Most cultures have their own recipe for apple pie. However the French version, Tarte Tatin, is recognised as one of the best and incidentally one of the easiest. Like many pieces of culinary genius, the Tarte Tatin was discovered quite by accident. During the late 1800’s Stephanie Tatin overcooked the apples for a traditional apple pie and, not wanting to waste them, she tried to save the dish by pressing a disc of pastry on top of the apples and popping it in the oven. She then turned it out on to a plate, creating a sort of upside down tart in the process (except that it is now the right way up, of course).

To her amazement the guests at the Hotel Tatin in Lamotte-Beuvron, France, raved about the new dish, with its topping of buttery, caramelised apples. The recipe soon became well known in the region. But to achieve greatness, it needed another slice of luck in the form of Louis Vaudable, the legendary owner of Maxims Restaurant in Paris, who was served a slice as he passed through the area. He loved it and immediately added it to his own menu in Paris and what’s more Tarte Tatin is still on Maxims menu today.

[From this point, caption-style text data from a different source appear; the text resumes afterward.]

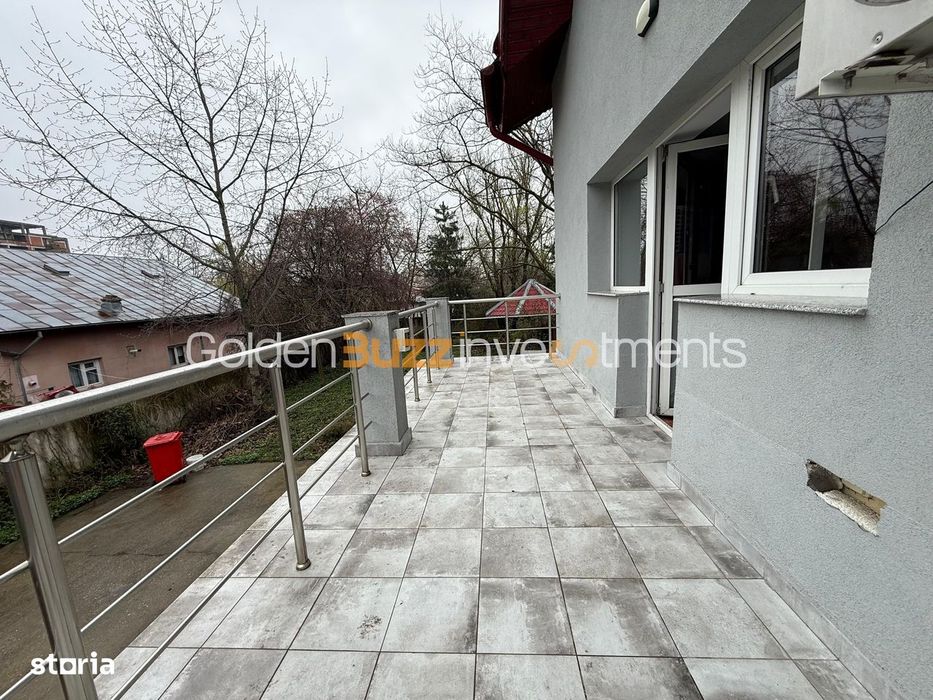 Vila Voluntari I 1100 MP Teren I 8 camere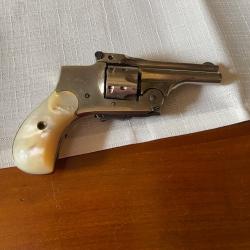 Klby tres beau p revolver a brisure  1892. &acute; a 1894 a1896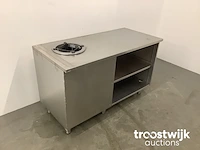 Rvs werktafel - afbeelding 6 van  6
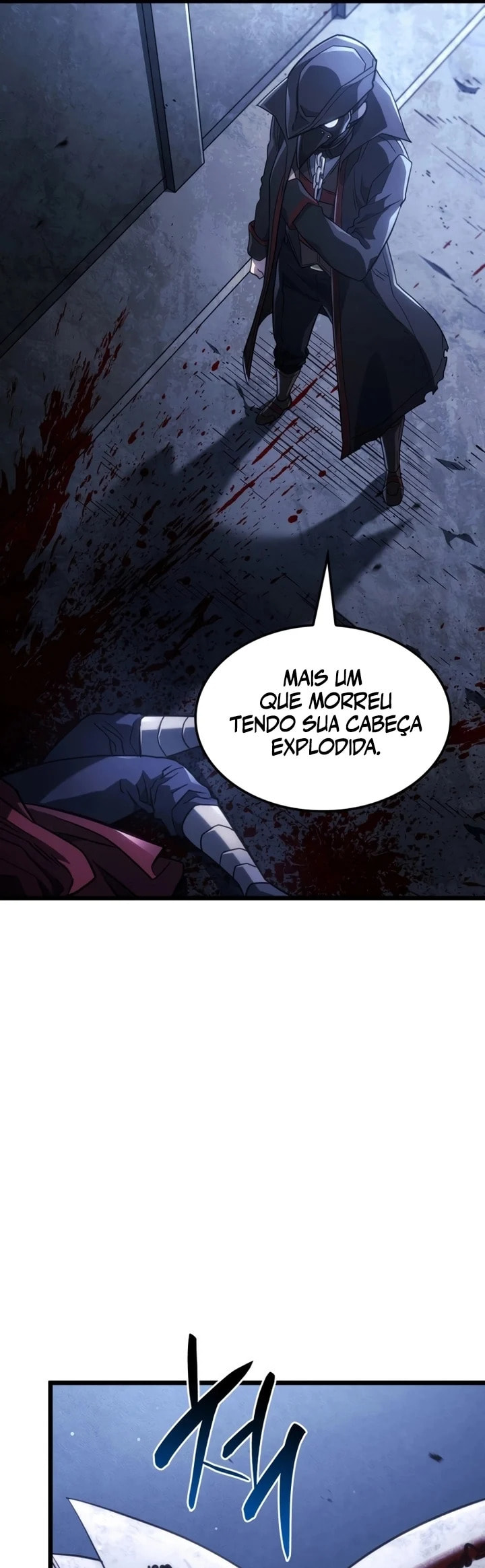 Revenge of the Baskerville Bloodhound, chapter 75, image 52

Food history is littered with examples of mistakes leading to discoveries of recipe greatness. Usually it’s the need to use everything or sometimes, like the Lamington, it’s just a lack of time to repair the mistake…but that’s a story for another day!

Apple Tarte Tatin with Vanilla Sauce

It’s really cool to bring this out of the oven and turn it over just as everyone finishes their main course. As you can tell from the timings, that means make it in advance but only cook it when you start eating the main course.

Serves 6

6 Granny Smith apples – peeled, cored and halved

120g butter

200g sugar

sprig of fresh thyme

250g puff pastry

Pinch flour

1. Evenly grease the base of the frying pan with the butter, cover with the sugar and then arrange the apples, rounded side down, on the bottom of the pan. Sprinkle with the picked leaves of fresh thyme.

2. Lay the puff pastry over the apples and rest for at least 20 minutes.

3. Set the pan over a high heat and caramelise the appless, then cook in a preheated oven at 220˚C for 20 minutes.

4. When cooked, immediately turn over onto a plate and serve with mascarpone cream or vanilla sauce.

Vanilla Sauce

Serves 10

6 egg yolks

120g caster sugar

500ml cream

2 vanilla pods, split

1. Boil cream with vanilla in a saucepan.

2. Meanwhile boil a second pan half filled with water.

3. Mix eggs and sugar until pale and then add boiled cream very slowly.

4. Mix well and place over a pan of boiling water, stirring continuously until the mixture thickens.